Energy band diagram of solids

Energy band diagram of solids

In an isolated atom, the electronic energy levels are widely separated and are far apart and the energy of the electron is decided by the orbit in which it revolves around the nucleus. However, in the case of a solid, the atoms are closely spaced and hence the electrons in the outermost energy levels of nearby atoms influence each other. This changes the nature of the electron motion in a solid from that of an isolated atom to a large extent.

The valence electrons in an atom are responsible for the bonding nature. Let us consider an atom with one electron in the outermost orbit. It means that the number of valence electrons is one. When two such atoms are brought close to each other, the valence orbitals are split into two. Similarly the unoccupied orbitals of each atom will also split into two. The electrons have the choice of choosing any one of the orbitals as the energy of both the orbitals is the same.
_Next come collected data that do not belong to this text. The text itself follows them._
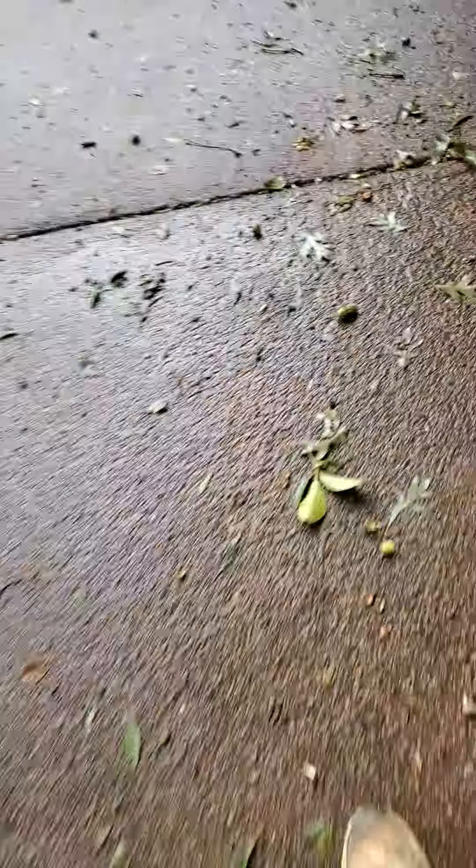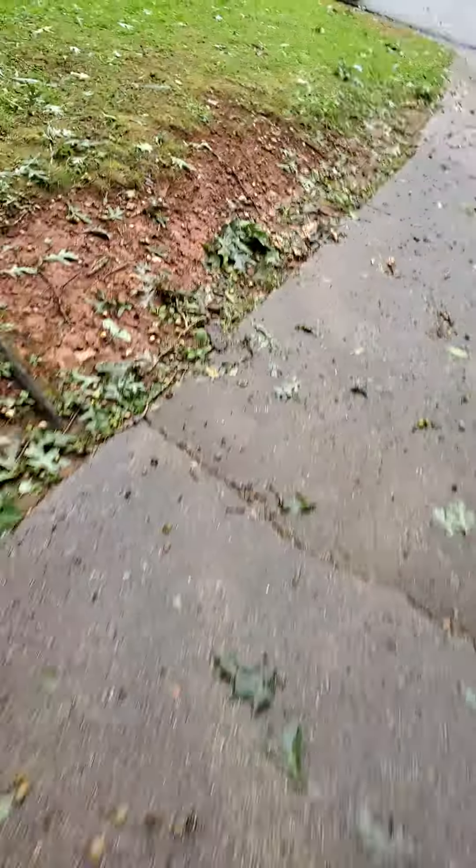Look at that. Squirrels ain't coming out of your yard today. No sir. I better get the car. I better get the car in the driveway. Hold on.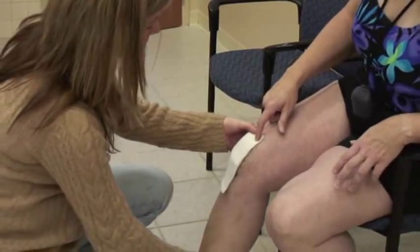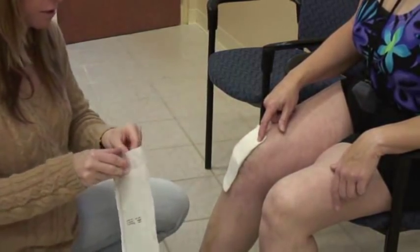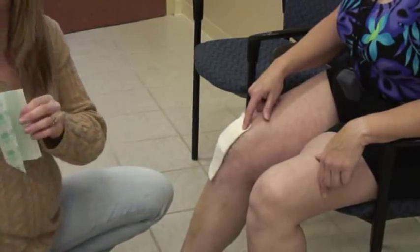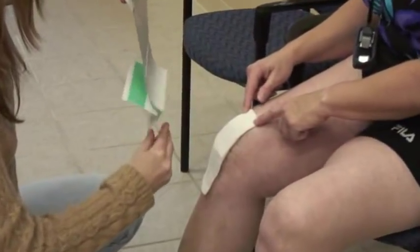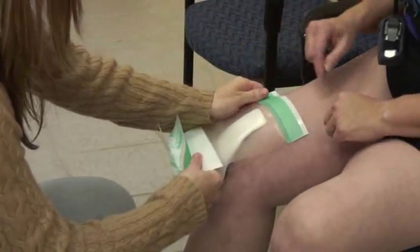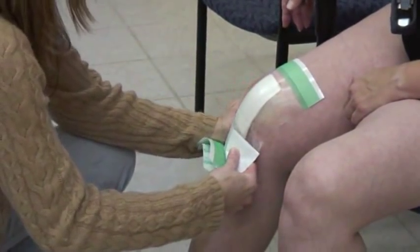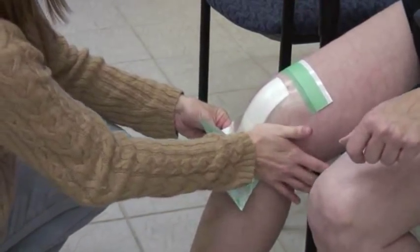Can you bend back just a bit? We'll have her flex her knee as far as she can so that the first time she flexes her knee in the water it doesn't blow the op-site. We make sure we create a really good seal so that there are no wrinkles that go all the way to the center of her incision, or else it creates a little channel for the fluid.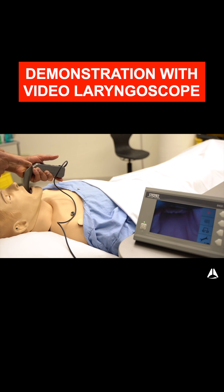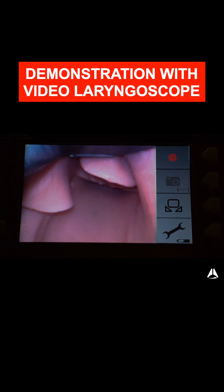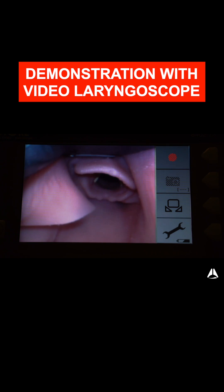Imagine right now that my laryngoscope blade is directly back. At this point I then use the tongue — the tongue is the road down to the vallecula. So I follow the tongue all the way down to the vallecula.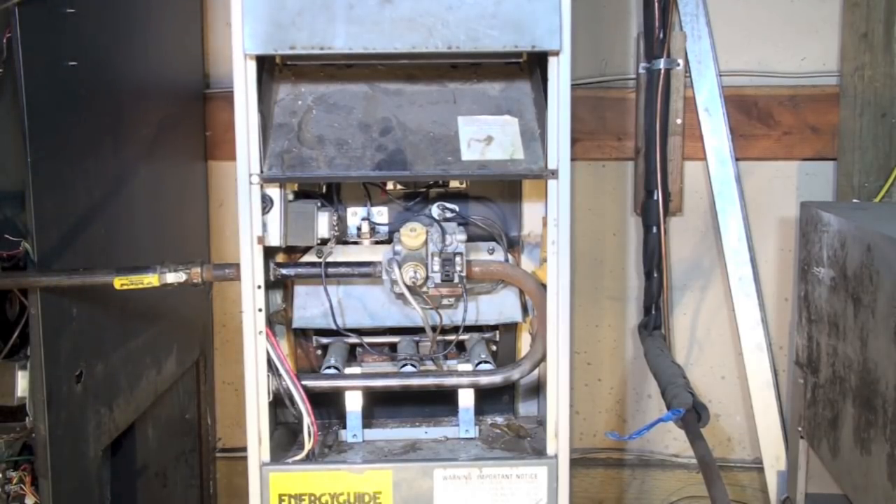In this one we've determined the combination gas valve has failed, so we're going to go ahead and replace it. This isn't about diagnosing whether it's failed or not — this is about actually replacing the valve.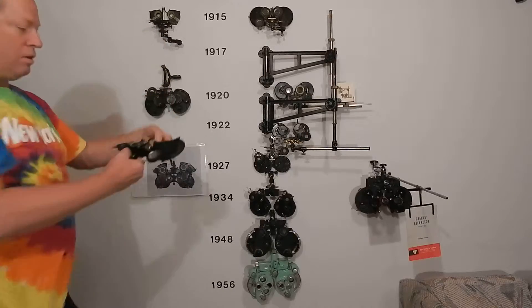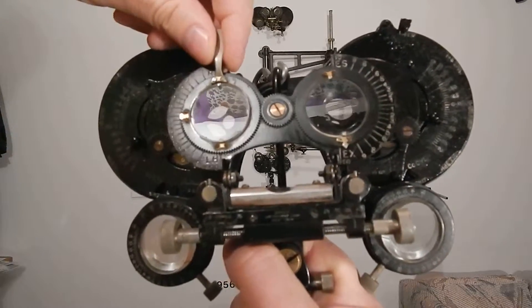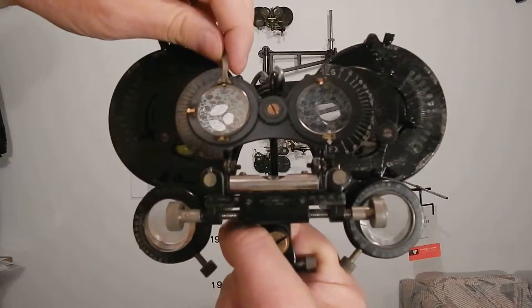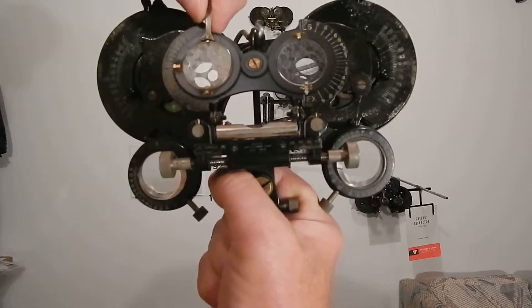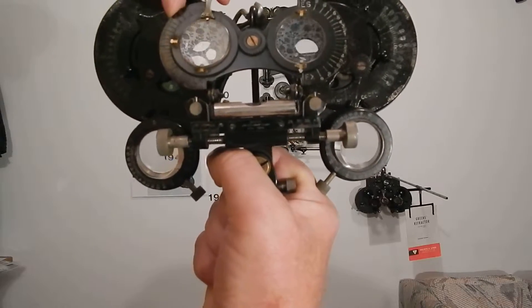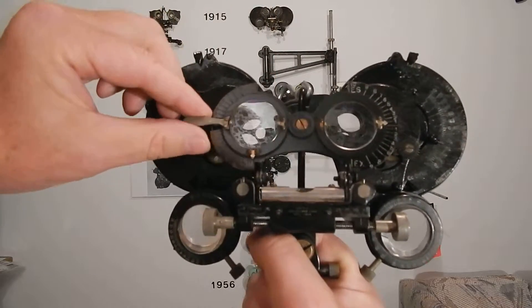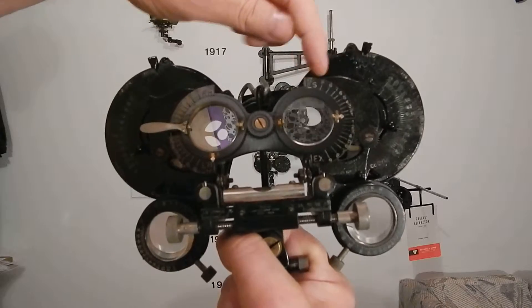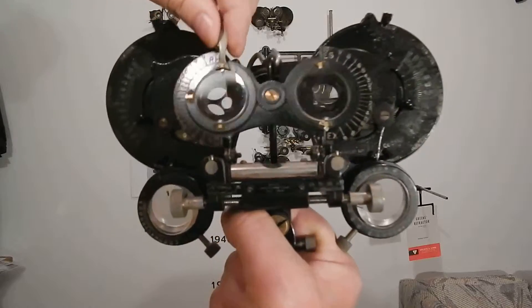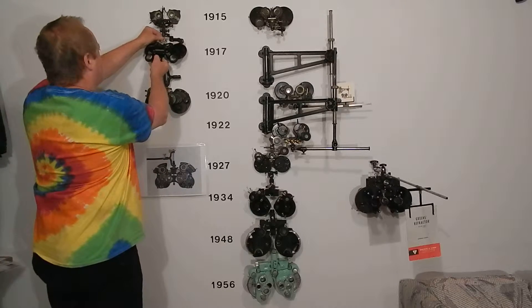The Stevens ferometer is really cool. You can measure somebody's phoria in 15 seconds with this. You put it up here for vertical prism and measure it. It says right hyper and left hyper — you measure it right here. Tell the patient when the two lights are lined up like headlights on a car — although cars didn't have headlights in those days. You move it over here and measure it horizontal for eso, exo, and you read it off that needle. That's how Stevens ferometers all worked — these things all had them.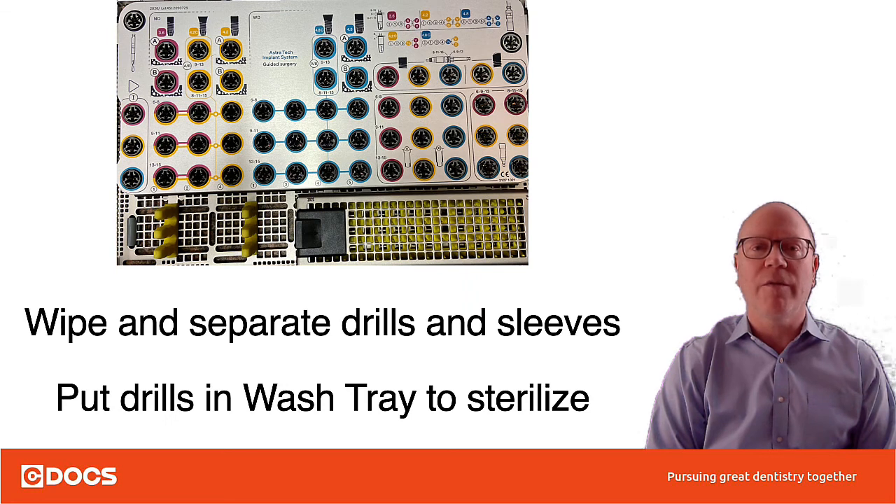As a review: wash and separate your tips from your sleeves and from the drills, then put your drills in the wash tray to sterilize. Thanks, I hope you enjoyed this video and we'll see you on C-Docs.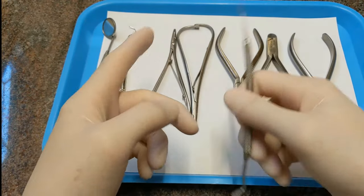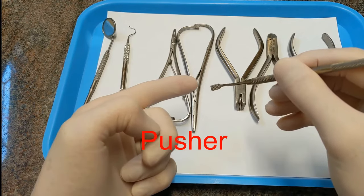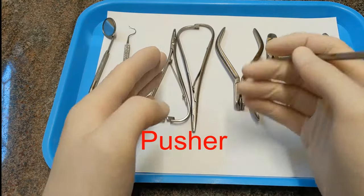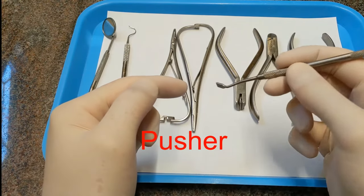The other side of the scaler is called a pusher. This is meant for pushing bands onto the teeth or contouring bands into the side of the teeth so that it matches the contour of the tooth. That's called a pusher.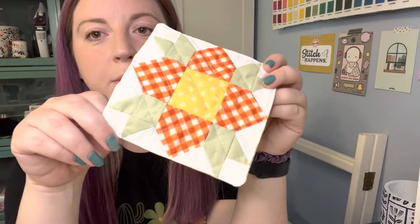So without further ado, I'm going to take you over to my cutting board where I'll show you the fabrics I'll be using. I'm using the same fabrics, just switching them around so they'll be matching but not exactly the same. So let's get on over to the cutting board and get started.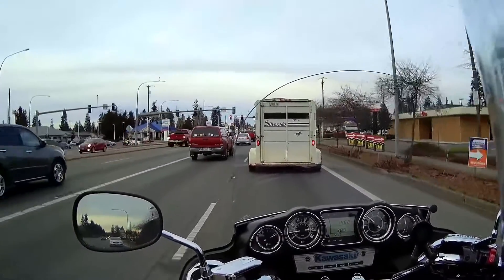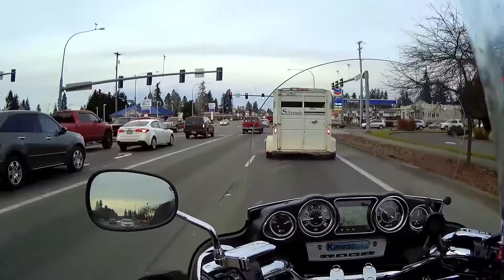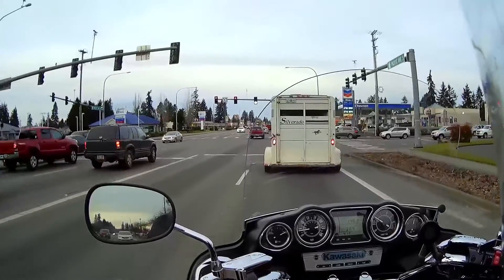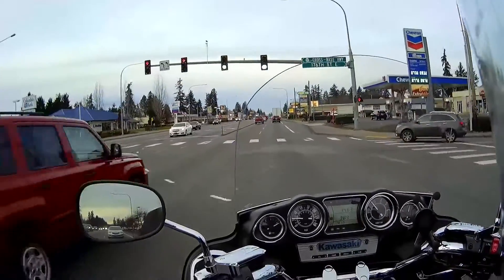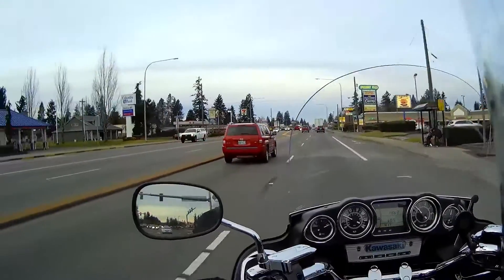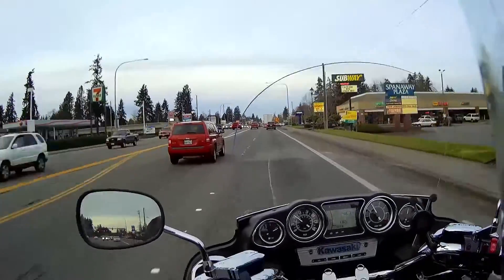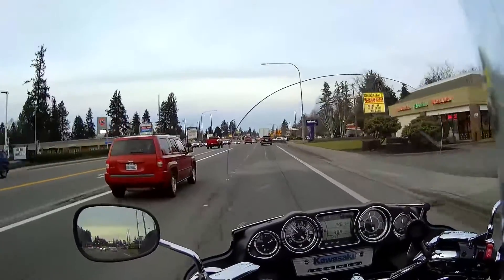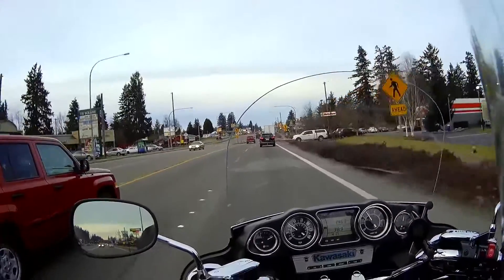I went with the Metzler because it supposedly gets a little better traction on wet roads, and I have a lot of wet roads around here. The stock tire is a little slippery on wet roads. A lot of people go with the Michelin Commander 2, but again, a lot of people are complaining that it's also a little slippery on wet roads. So I decided to give the Metzler ME88 a try.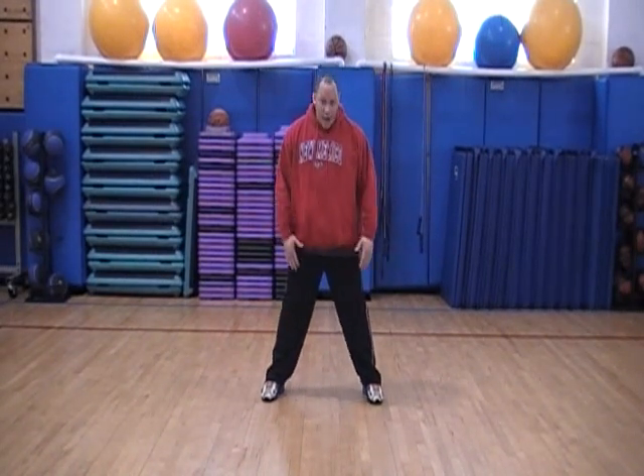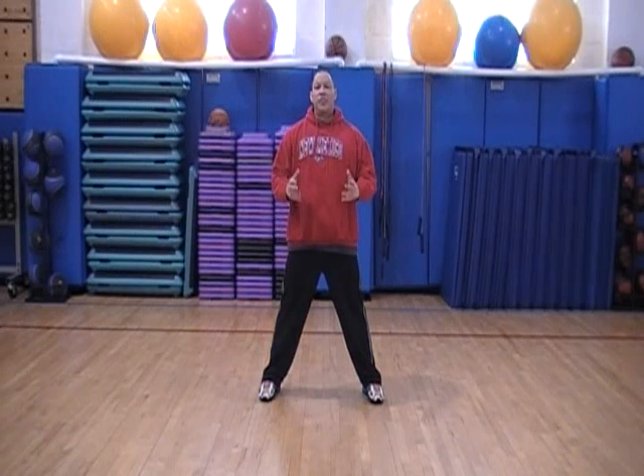Next we're going to do an open leg hamstring stretch. We're going to stand a little bit wider than shoulder length apart, with straight arms and straight legs.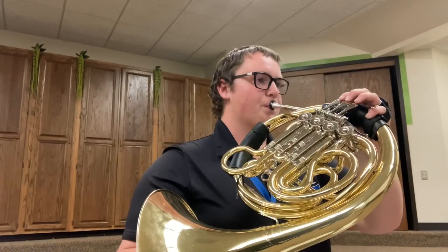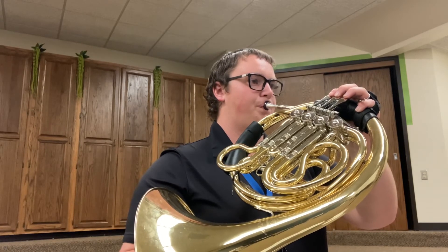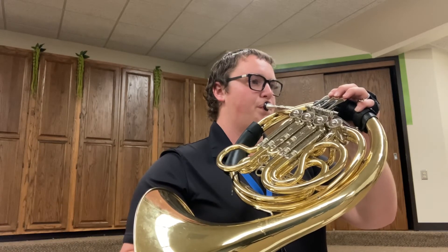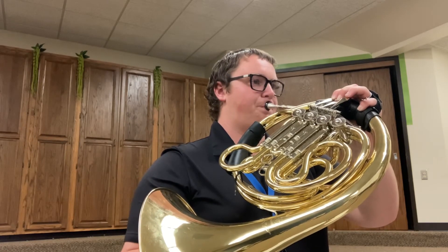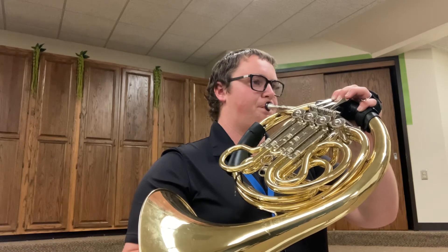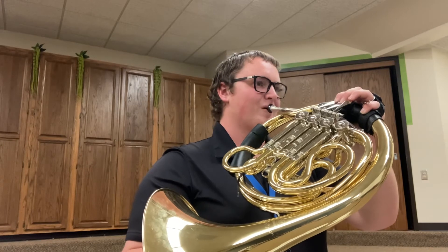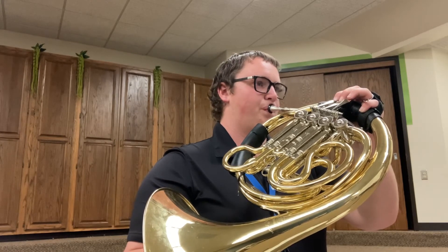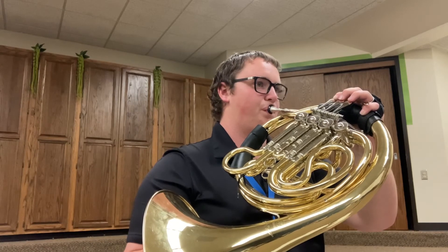My microphone picks it up really well, so it sounds a little bit louder than piano, but that's okay. I hope you guys enjoy it.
When the third atom of the same element is brought to this system, the valence orbitals of all the three atoms are split into three. The unoccupied orbitals also will split into three.

In reality, a solid is made up of millions of atoms. When millions of atoms are brought close to each other, the valence orbitals and the unoccupied orbitals are split according to the number of atoms. In this case, the energy levels will be closely spaced and will be difficult to differentiate the orbitals of one atom from the other and they look like a band as shown in Figure 9.2. This band of very large number of closely spaced energy levels in a very small energy range is known as energy band.

The energy band formed due to the valence orbitals is called valence band and that formed due to the unoccupied orbitals to which electrons can jump when energised is called the conduction band. The energy gap between the valence band and the conduction band is called forbidden energy gap. Electrons cannot exist in the forbidden energy gap.

The representation of the valence band and conduction band is shown in Figure 9.2(a). EV represents the maximum energy of the valence band and EC represents minimum energy of the conduction band. The forbidden energy gap, E_g = E_C– E_v. The kinetic energy of the electron increases from bottom to top (near the nucleus to the farthest) and the potential energy decreases indicating that the electrons in the orbitals closer to the nucleus are bound with large potential energy. Hence, the electrons closer to nucleus require a lot of energy to be excited. The electrons in the valence band are less bound to the nucleus and can be easily excited.

The energy levels of the orbiting electrons are measured in electron volts, (eV).